All patients who underwent surgical resection of a histologically confirmed invasive colon cancer between 1988 and 2000 were selected. Patients were excluded if there was no information or insufficient information about the number of lymph nodes examined in the pathologic specimen. Patients were also excluded if a distant metastasis was diagnosed by the initial operation. Since the data has no personal identifiers, this study was exempt from Institutional Review Board review.

Analysis

All cases were restaged using current AJCC criteria.¹⁶ The mean, median, and mode of the number of lymph nodes examined were determined. Within each stage, cases were stratified into those with zero nodes, 1 to 7 nodes, 8 to 14 nodes, and 15 or greater nodes analyzed in the specimen. Subgroup analysis for those with 8 to 14 nodes compared survival between those with 8 or 9, 10 or 11, and 12 to 14 nodes in their specimens. Survival analysis was undertaken using the Kaplan-Meier method.¹⁷ Survival differences were analyzed utilizing the log-rank test.

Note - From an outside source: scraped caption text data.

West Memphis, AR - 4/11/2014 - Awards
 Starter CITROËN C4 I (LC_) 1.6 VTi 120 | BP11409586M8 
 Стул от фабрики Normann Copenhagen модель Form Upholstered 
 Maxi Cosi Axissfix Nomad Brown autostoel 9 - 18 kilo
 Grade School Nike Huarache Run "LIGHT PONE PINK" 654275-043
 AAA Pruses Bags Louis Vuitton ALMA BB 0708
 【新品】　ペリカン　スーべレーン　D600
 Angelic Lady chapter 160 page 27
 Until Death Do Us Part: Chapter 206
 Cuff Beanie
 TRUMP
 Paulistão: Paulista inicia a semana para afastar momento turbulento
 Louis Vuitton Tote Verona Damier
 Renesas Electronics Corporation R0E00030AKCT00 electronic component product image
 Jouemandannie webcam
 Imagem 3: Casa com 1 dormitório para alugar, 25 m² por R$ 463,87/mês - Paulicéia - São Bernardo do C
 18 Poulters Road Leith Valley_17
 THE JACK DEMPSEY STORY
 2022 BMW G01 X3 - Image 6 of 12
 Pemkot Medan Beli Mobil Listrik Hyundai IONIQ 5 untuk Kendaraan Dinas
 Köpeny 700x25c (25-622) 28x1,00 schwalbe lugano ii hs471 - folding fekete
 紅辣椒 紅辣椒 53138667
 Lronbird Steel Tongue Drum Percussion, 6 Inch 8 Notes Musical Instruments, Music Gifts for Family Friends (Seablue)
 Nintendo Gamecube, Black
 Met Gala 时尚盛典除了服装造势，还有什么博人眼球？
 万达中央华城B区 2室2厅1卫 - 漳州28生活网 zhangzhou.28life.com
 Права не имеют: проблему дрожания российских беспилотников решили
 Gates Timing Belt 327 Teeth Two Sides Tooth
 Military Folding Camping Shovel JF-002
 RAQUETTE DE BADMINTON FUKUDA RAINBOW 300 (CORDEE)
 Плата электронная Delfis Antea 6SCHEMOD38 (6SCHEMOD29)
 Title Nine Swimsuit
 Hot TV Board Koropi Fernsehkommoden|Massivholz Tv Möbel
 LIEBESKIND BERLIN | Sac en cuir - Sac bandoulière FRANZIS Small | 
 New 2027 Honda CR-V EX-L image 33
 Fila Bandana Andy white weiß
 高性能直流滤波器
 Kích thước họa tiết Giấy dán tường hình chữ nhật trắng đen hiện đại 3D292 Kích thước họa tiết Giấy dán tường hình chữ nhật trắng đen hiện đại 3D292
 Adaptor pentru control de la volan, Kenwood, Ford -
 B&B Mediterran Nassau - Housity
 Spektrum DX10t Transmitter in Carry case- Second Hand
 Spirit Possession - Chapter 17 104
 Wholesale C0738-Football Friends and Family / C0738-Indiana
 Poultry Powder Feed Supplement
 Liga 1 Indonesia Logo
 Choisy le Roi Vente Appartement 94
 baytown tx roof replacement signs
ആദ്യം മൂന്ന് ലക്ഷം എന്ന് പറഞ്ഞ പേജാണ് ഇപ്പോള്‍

A Cox proportional hazards model¹⁸ was used for multivariate analysis. Analyzed variables included age, gender, race (white vs. black vs. other), year of diagnosis (1988–1991, 1992–1995, 1996–2000), region (by SEER registry), tumor depth (by T-stage), nodal status (by N-stage), tumor grade, number of nodes examined within the specimen, and the percentage of nodes positive for tumor in the specimen. A forward stepwise methodology was used to screen variables for inclusion. We included variables with a P value of <0.05.

Statistical analysis was performed using SPSS 11.0 (SPSS, Inc., Chicago IL). Significance levels were set at P < 0.05. All tests were 2 sided.

RESULTS

Of 119,757 patients initially identified, 10,874 patients were excluded for inadequate staging information and 21,890 patients were excluded for stage IV disease. An additional 4097 patients were excluded for inadequate lymph node examination data (either no data were recorded or the number analyzed was not recorded). This left 82,896 patients eligible for analysis. Demographics of the patients were similar (Table 1) in each group within each stage, although due to the large numbers of patients, all differences were significant at the P < 0.05 level.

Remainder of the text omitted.